For decades, the United States has maintained stockpiles of artillery and rocket ammunition containing mustard gas, or nerve or nerve agents like sarin and VX. The use of such weapons was widely decried after their horrific effects were exposed to the world in the trenches of the First World War. But many countries retained and further developed their chemical weapons programs in the years that followed.
Ahead of Joe Biden’s announcement, Senate Republican heavyweight Mitch McConnell announced on Friday that the “Blue Grass” repository had recently completed disposing of some 500 tons of lethal chemical agents after a four-year mission.
“Although the use of these lethal weapons will forever be an indelible stain on history, our nation has finally delivered on its promise to rid ourselves of this scourge,” the Republican tenor said in a statement, adding that “weapons chemicals are responsible for some of the most horrific episodes of human casualties.”

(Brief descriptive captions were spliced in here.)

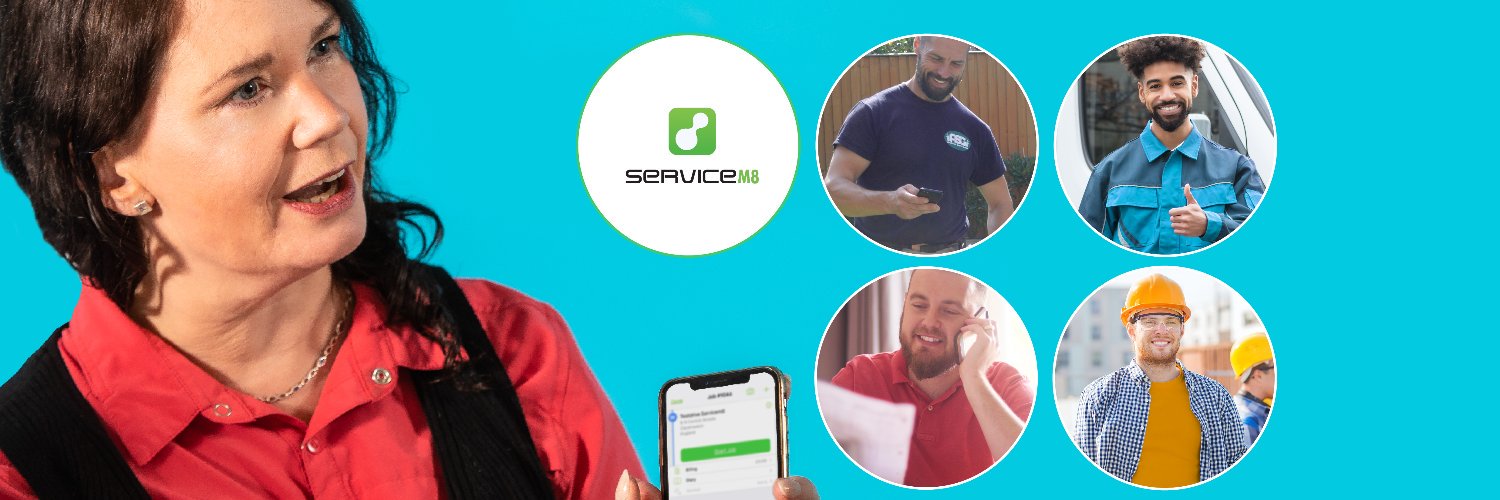 SoftwareBuddy banner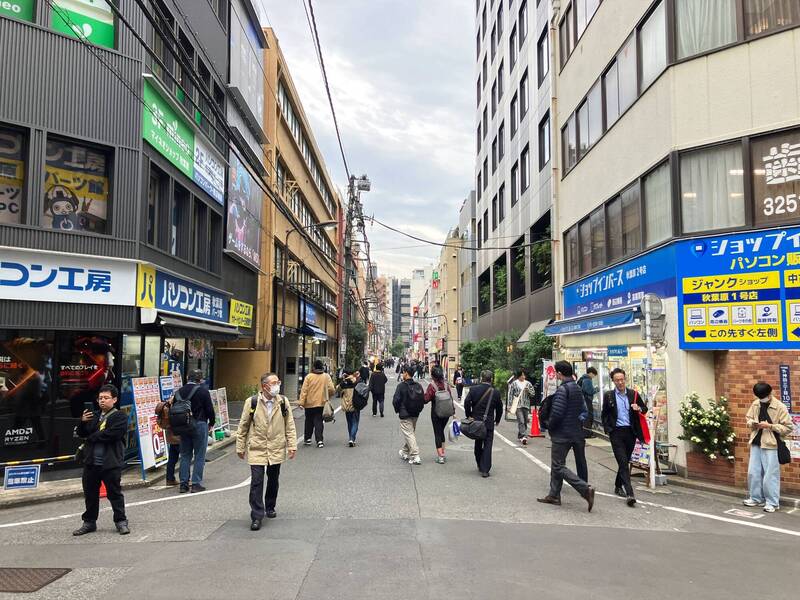 掌握外國人取得不動產狀況 日擬明年起強制登記國籍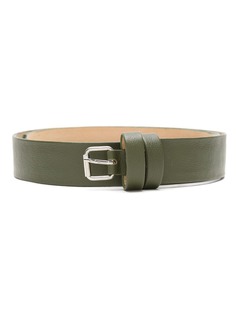 Egrey EGREY 315210 MILITAR Furs & Skins->Leather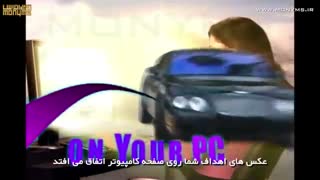تغییر باورهای مخرب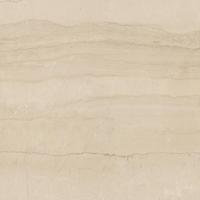 Vloertegel XL Etile Kontempo Creme Glans 120x120 cm E-Tile - thumbnail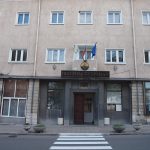 Тутракан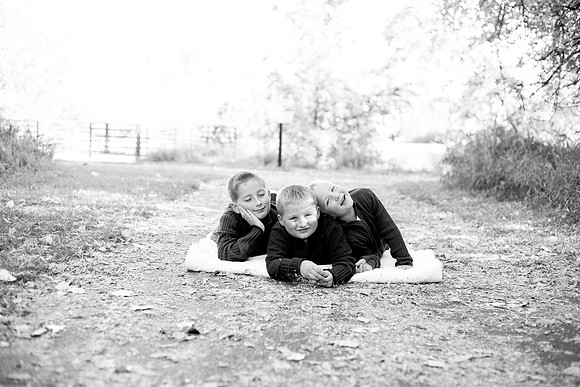 bhostphoto_128_bw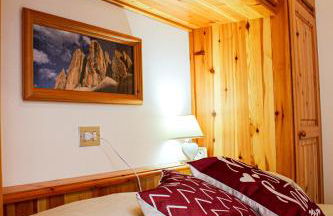 Apartment Riziò - Near the Center - Photo 1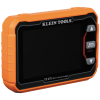 TI270 Rechargeable Thermal Imager with Wi-Fi Image 4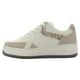 thumbnail image 2 of Zapatilla Mujer Chalada Java-2 Beige Urbano, 2 of 8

“More challenges lie ahead”
In his statement, President Joe Biden also encouraged the rest of the world to sign the 1997 Convention, so that “the global ban on chemical weapons reaches its full potential”.
“Russia and Syria must once again comply with the Convention and recognize their undeclared programs, which have been used to commit atrocities and brazen attacks”, further launched the American president.
And for the OPCW Director General, “more challenges lie ahead”. Along with Angola, North Korea, Egypt, and South Sudan, “four countries have yet to join the Convention,” Arias said on Friday. In addition, “used and abandoned chemical weapons still need to be recovered and destroyed”, he added.